====== DATA FOR ANALYSIS

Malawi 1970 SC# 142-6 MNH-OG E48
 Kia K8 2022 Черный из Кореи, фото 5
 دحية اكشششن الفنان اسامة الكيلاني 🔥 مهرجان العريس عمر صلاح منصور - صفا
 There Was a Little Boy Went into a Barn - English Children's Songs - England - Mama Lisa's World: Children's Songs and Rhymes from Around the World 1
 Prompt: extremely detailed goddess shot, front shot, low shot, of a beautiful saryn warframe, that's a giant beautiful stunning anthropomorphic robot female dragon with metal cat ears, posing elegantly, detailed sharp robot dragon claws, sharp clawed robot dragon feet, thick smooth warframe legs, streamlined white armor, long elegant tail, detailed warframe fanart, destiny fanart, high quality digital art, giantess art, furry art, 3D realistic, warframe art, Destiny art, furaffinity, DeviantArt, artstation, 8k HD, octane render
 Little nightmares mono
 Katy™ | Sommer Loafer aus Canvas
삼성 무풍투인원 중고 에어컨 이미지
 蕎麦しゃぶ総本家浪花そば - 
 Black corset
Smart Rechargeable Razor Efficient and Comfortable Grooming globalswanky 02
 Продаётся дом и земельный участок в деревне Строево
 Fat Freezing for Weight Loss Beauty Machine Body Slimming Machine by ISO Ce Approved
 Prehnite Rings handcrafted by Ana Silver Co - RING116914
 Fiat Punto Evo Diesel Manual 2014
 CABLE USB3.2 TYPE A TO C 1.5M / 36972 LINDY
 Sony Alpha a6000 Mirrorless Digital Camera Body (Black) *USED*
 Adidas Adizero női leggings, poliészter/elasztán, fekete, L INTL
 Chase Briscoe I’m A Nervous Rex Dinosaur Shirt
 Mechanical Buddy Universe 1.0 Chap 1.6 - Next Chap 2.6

============

§ INSTRUCTIONS FOR THE TASK
Write only the number of lines in the entries where the string "Black" occurs.

§ SOLUTION TO THIS TASK
2